[Collected data entries]
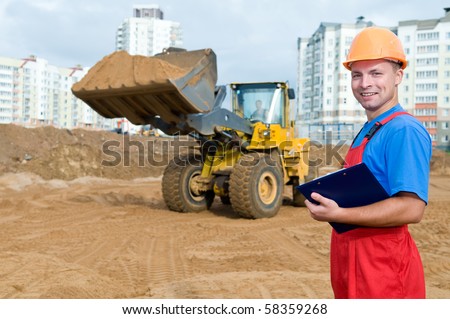 One builder worker with clipboard inspecting earthmoving works at construction site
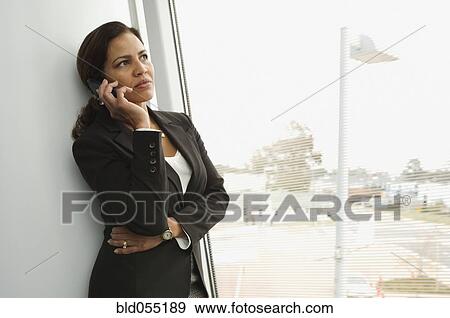 Hispanic businesswoman talking on cell phone View Large Photo Image Stock Photo - Hispanic businesswoman talking on cell phone. Fotosearch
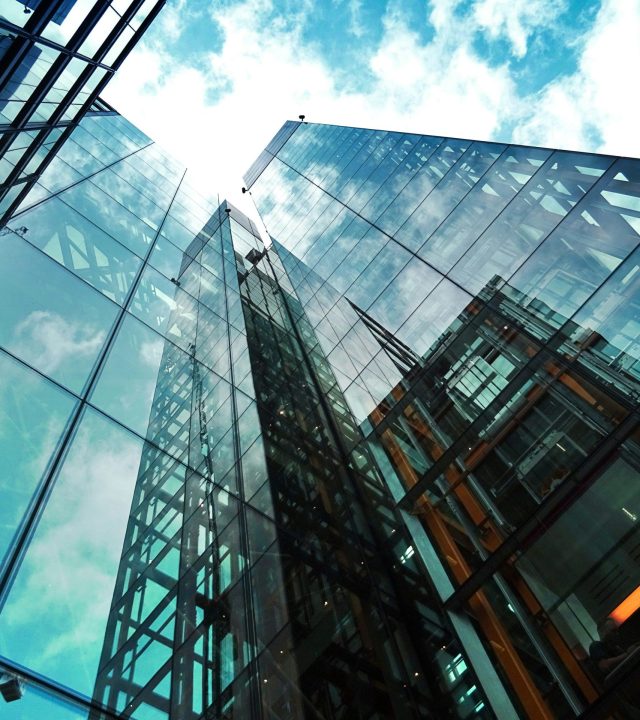 A striking view of a modern glass skyscraper reflecting the sky and clouds.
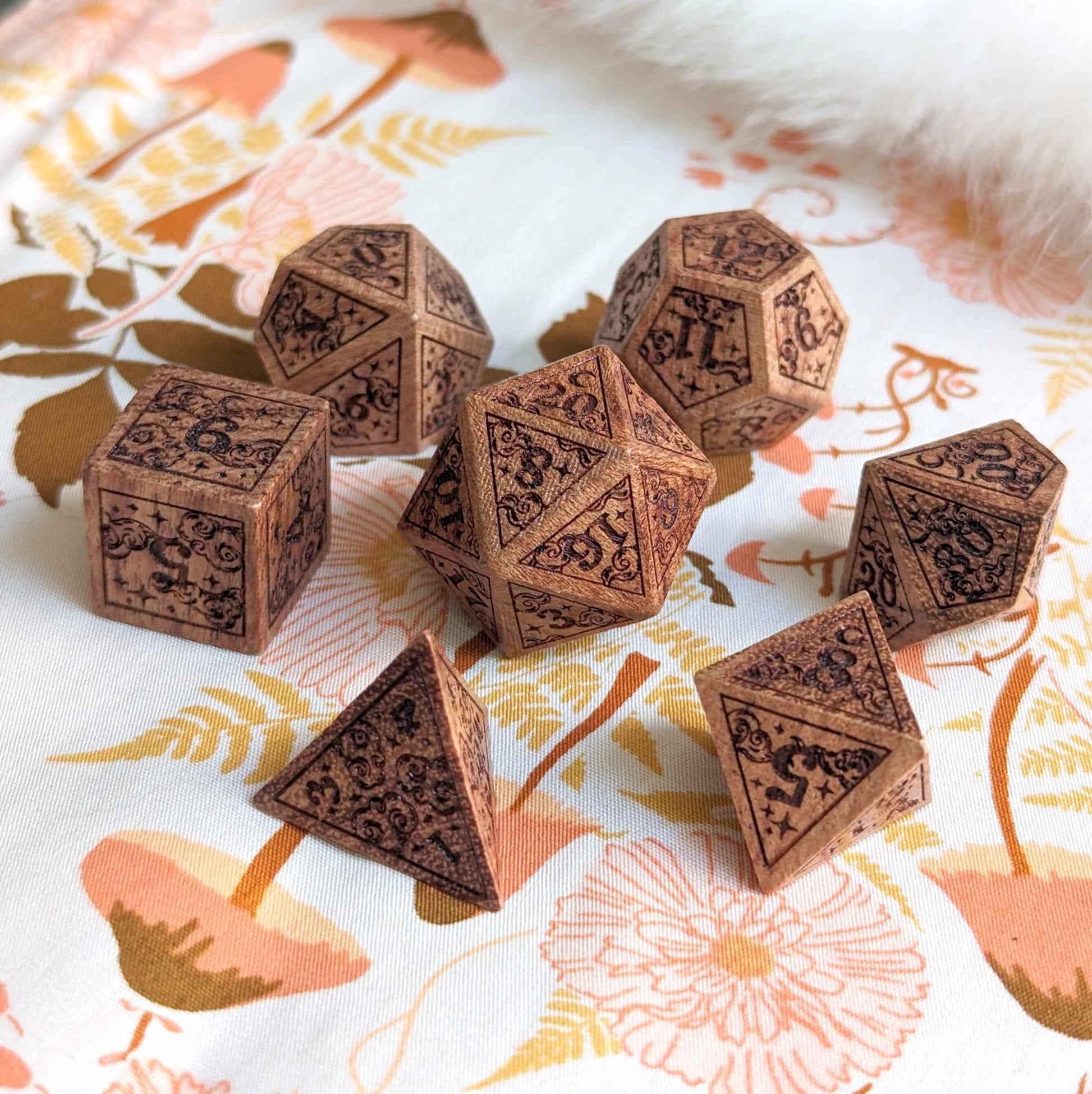 Dreamy Star and Moon Wood Dice Set with intricate design on floral cloth background for DnD gaming adventures.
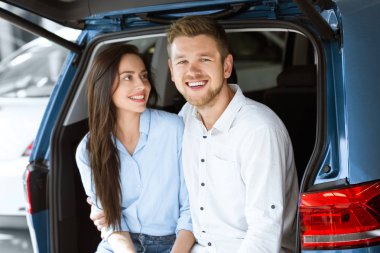 Onların satın hakkında mutlu. Güzel genç sevgi dolu kadın yakışıklı mutlu kocası smiling birlikte yeni bir arabanın bagajında otururken kameraya gülüyor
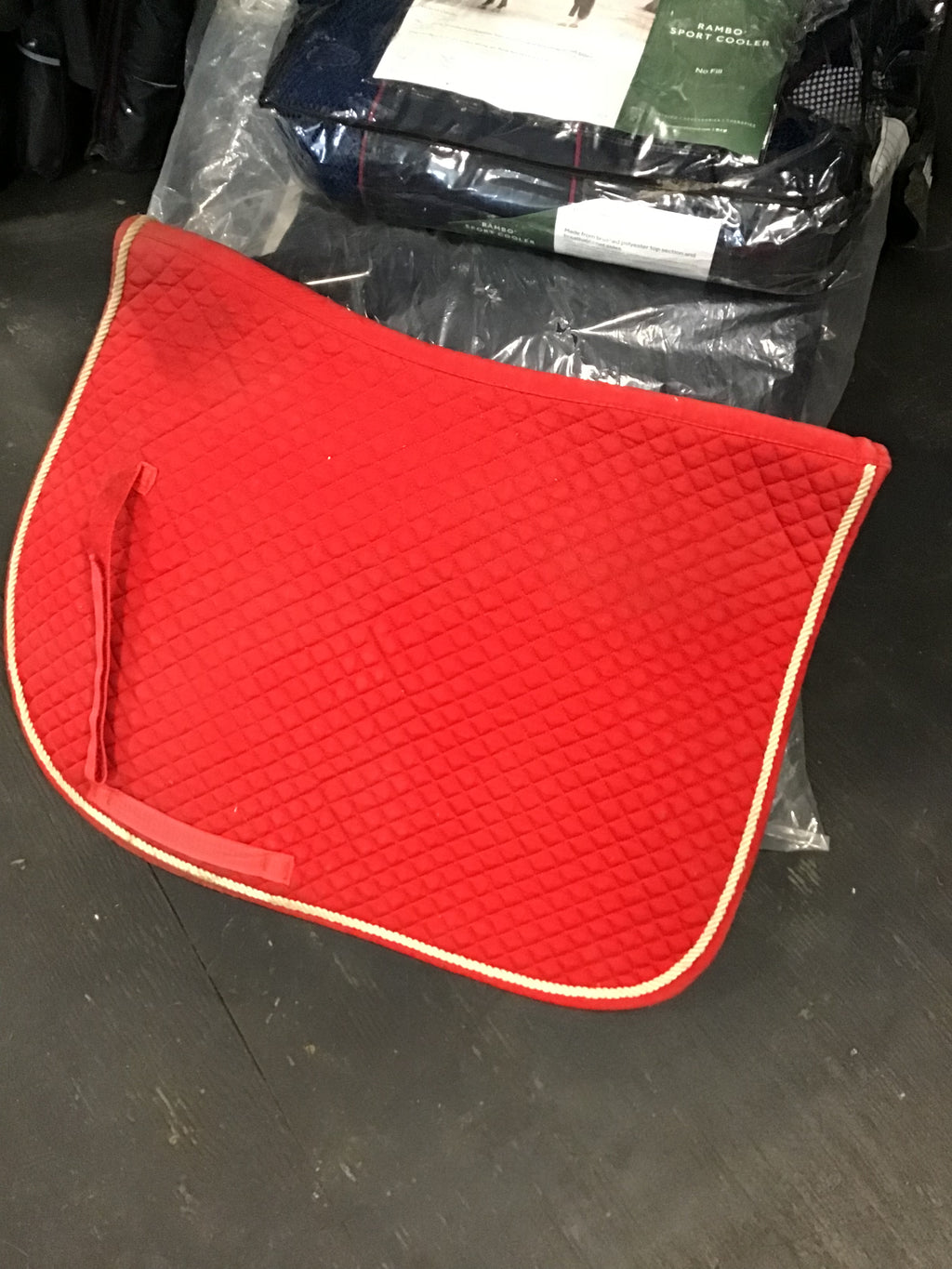 Red saddle pad w gold piping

WHAT YOU SHOULD DO:
Please return the data above exactly as it stands from the line with "A striking view" to the line with "Dreamy Star and", keeping both of those lines but none of the pictures.

ANSWER TO THIS PROBLEM:
 A striking view of a modern glass skyscraper reflecting the sky and clouds.
 Dreamy Star and Moon Wood Dice Set with intricate design on floral cloth background for DnD gaming adventures.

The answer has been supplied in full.